Airline	Destination	delayed	on time	total	% delayed	% on time
ALASKA	Los Angeles	62	497	559	11.09	88.91
ALASKA	Phoenix	12	221	233	5.15	94.85
ALASKA	San Diego	20	212	232	8.62	91.38
ALASKA	San Francisco	102	503	605	16.86	83.14
ALASKA	Seattle	305	1841	2146	14.21	85.79
AM WEST	Los Angeles	117	694	811	14.43	85.57
AM WEST	Phoenix	415	4840	5255	7.90	92.10
AM WEST	San Diego	65	383	448	14.51	85.49
AM WEST	San Francisco	129	320	449	28.73	71.27
AM WEST	Seattle	61	201	262	23.28	76.72

6. Group and summarize the data.

Finally, I decided to calculate the percentage of flights from each airline that arrived on time and with a delay.

I grouped the data by airline, and used the summarise function to calculate the sum of on-time and delayed flights. Then, I added more columns using mutate to determine the percentages.

f_grouped <- group_by(f_mutated, Airline)

f_sum <- f_grouped %>% 
  summarise(delayed_sum = sum(`delayed`), 
            ontime_sum = sum(`on time`))

f_sum <- mutate(f_sum, 
                "total" = f_sum$delayed_sum + f_sum$ontime_sum)

f_sum <- mutate(f_sum, 
                "% delayed" = round(( f_sum$`delayed_sum` / f_sum$total ) * 100, 2),
                "% on time" = round(( f_sum$`ontime_sum` / f_sum$total ) * 100, 2) )

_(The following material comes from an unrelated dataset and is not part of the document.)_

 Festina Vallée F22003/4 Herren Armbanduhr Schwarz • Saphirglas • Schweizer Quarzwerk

names(f_sum) <- c("Airline", "# Flights Delayed", "# Flights On Time", "Total # Flights", "% Flights Delayed", "% Flights on Time")

f_sum %>% 
  kable("html") %>% 
  kable_styling(bootstrap_options = c("striped", "hover", "condensed", "responsive"))

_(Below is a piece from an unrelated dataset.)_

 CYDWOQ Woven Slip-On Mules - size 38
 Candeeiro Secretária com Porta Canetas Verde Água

Airline	# Flights Delayed	# Flights On Time	Total # Flights	% Flights Delayed	% Flights on Time
ALASKA	501	3274	3775	13.27	86.73
AM WEST	787	6438	7225	10.89	89.11

7. Analysis.

Overall, I see that ALASKA has a higher percentage of flights that arrive with a delay compared to AM WEST. However, AM WEST has about 4,000 more flights recorded in the database than ALASKA.

From the summary table by destination in Step 5, I see that both airlines are delayed most often when the destination is San Francisco. This could lead to the conclusion that something about the San Francisco airport causes more arrival delays than other airports.

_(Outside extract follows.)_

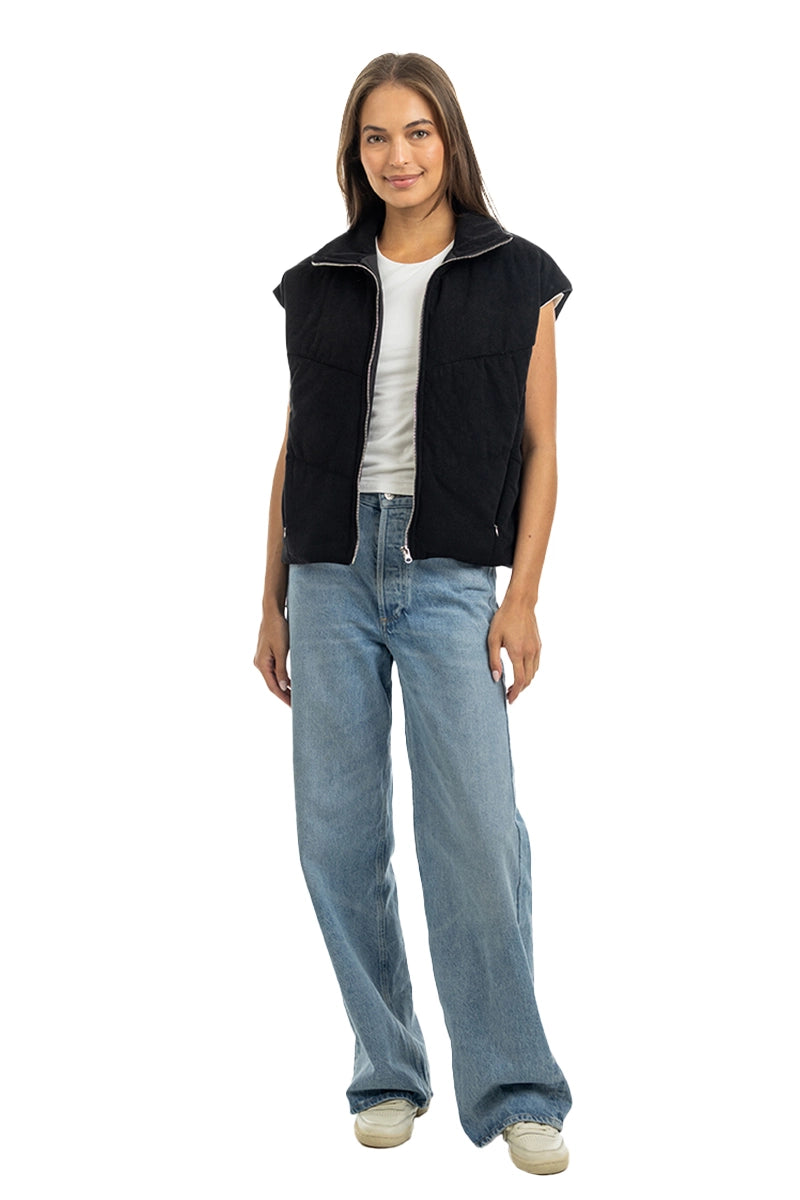 Black Corduroy Wholesale Puffer Vest Women's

However, it’s important to note that the airlines don’t go to each destination equally – for example, more ALASKA planes go to Seattle than AM WEST, and more AM WEST planes go to Phoenix than ALASKA. This unequal distribution could affect the results. We also don’t have data about the individual airports, like how busy each they usually get, or the efficiency of their air traffic controllers.